Key Strategies for Efficient Mobile Inventory Management
Implement a Mobile Inventory System – Information is power and knowing the actual inventory of mobile devices within your enterprise is foundational to the full inventory process. Not only that, but access to this information assists in strategic Wireless Expense Management (WEM) and can help identify areas for cost savings. It can do this by obtaining the necessary information that is critical to optimizing plan usage. Alerts are captured for current or recent billing overages so you can identify when changes are needed to rate plans, saving you money. Having an inventory system that ties directly into billing systems can also be an early alert trigger for any zero usage or zombie devices. We all know there is plenty of money left on the table each month for lines that are billing but have no usage. Having carrier and billing account information included in the inventory will save time when research or action is needed and ensure that devices where zero usage naturally occurs aren’t shut off on accident. But it’s important to understand that just a software system will not solve all your problems. Look for a solution that also has a service component as having a dedicated team to make the real-time updates that are required ensures long-term efficiency.
Integrate with HR – Having integration with HR systems not only sets the bar for how employees are taken care of when they are onboarded but also addresses the potential security risks that come when employees part ways with the organization. Having a system that directly pulls information from HR systems ensures accurate user information and labeling, providing an end-to-end integrated solution. The HR component looks different for every organization. Some companies want employee IDs to be unique identifiers to devices while others prefer using billing information like a department code. But being able to capture that information through HR integration establishes standards of what data is needed before an order can be completed.
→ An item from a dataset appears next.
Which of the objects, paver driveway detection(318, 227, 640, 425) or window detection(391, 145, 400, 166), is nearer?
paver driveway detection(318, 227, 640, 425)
Correlating HR information with mobile inventory data saves a lot of time once it comes down to billing, procurement, and any time maintenance needs to be done on a line.
Adopt a Wireless Policy – Employee technology needs vary across an organization so what devices do you need to provide to your employees to meet their specific needs? Developing a wireless policy that incorporates device assignments based on pre-defined user types ensures employee productivity and streamlined procurement of devices. The policy should define different user-profiles and, for each user profile, determine what is acceptable use, what is not, and provide some best practices to avoid data overages. For cost-effective procurement, it’s best to define a few different user profiles or levels. Break those out and establish a corporate policy on each user level. This will flow into an HR component for onboarding employees. When a new employee is onboarded, they will automatically be put into a specific user group based on their job function or title. In their user category, they can select from the devices and carriers within their specific group. Establishing this upfront can make a difference in the cost as well as making the employee experience during onboarding easy and stress-free.